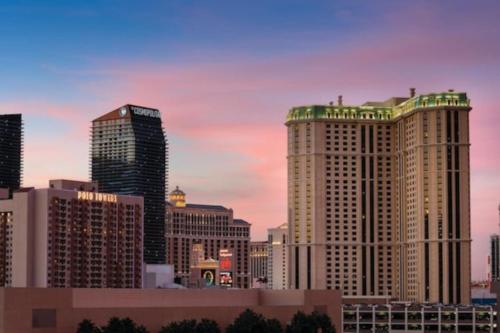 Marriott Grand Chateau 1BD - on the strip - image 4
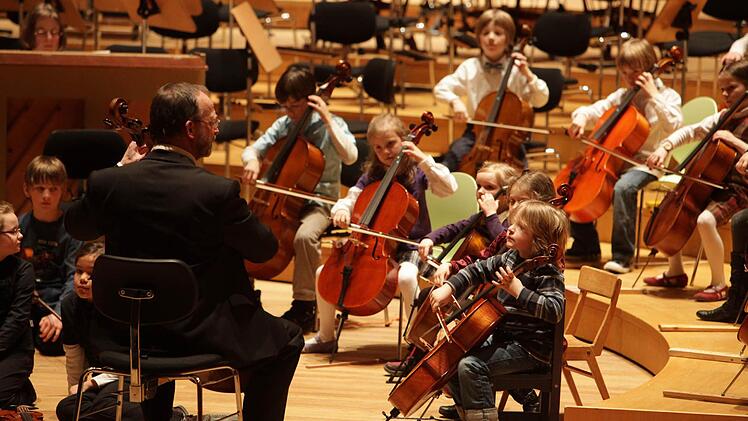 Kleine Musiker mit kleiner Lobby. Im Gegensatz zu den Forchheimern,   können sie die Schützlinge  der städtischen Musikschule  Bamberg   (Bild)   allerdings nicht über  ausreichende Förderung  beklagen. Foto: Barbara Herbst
* * *
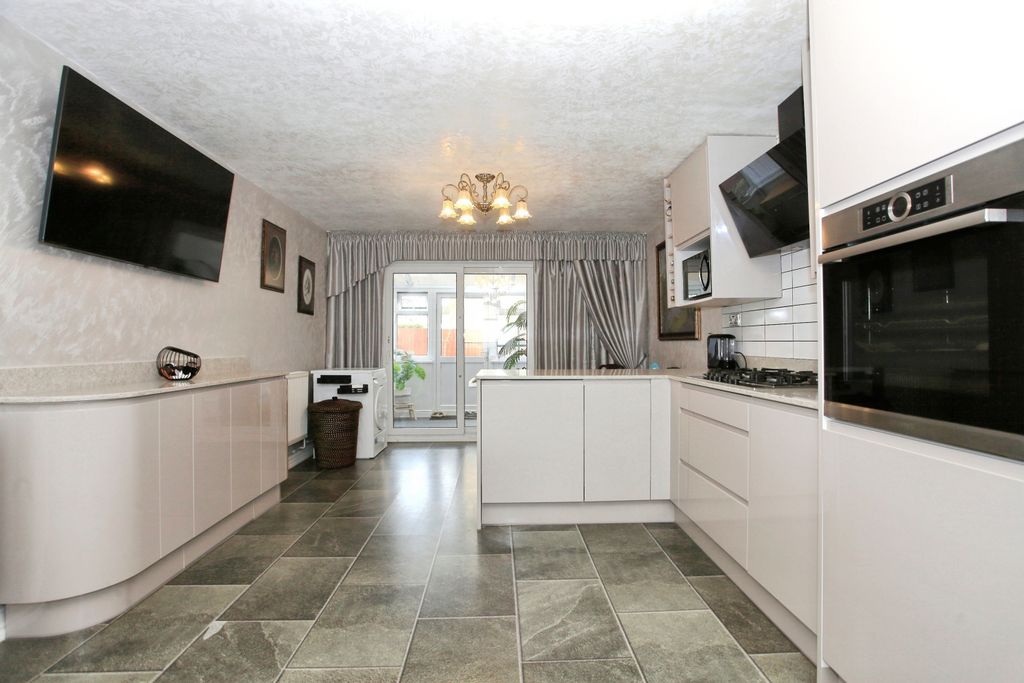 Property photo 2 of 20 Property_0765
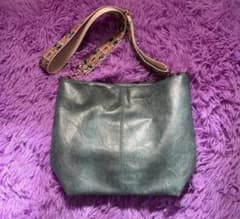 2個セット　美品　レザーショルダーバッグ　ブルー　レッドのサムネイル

*TASK PROMPT:*
Range to copy from the listing above: the line with "Marriott Grand Chateau" through the line with "Kleine Musiker mit". Transcribe it exactly and skip the pictures.

*WRITTEN REPLY:*
 Marriott Grand Chateau 1BD - on the strip - image 4
 Kleine Musiker mit kleiner Lobby. Im Gegensatz zu den Forchheimern,   können sie die Schützlinge  der städtischen Musikschule  Bamberg   (Bild)   allerdings nicht über  ausreichende Förderung  beklagen. Foto: Barbara Herbst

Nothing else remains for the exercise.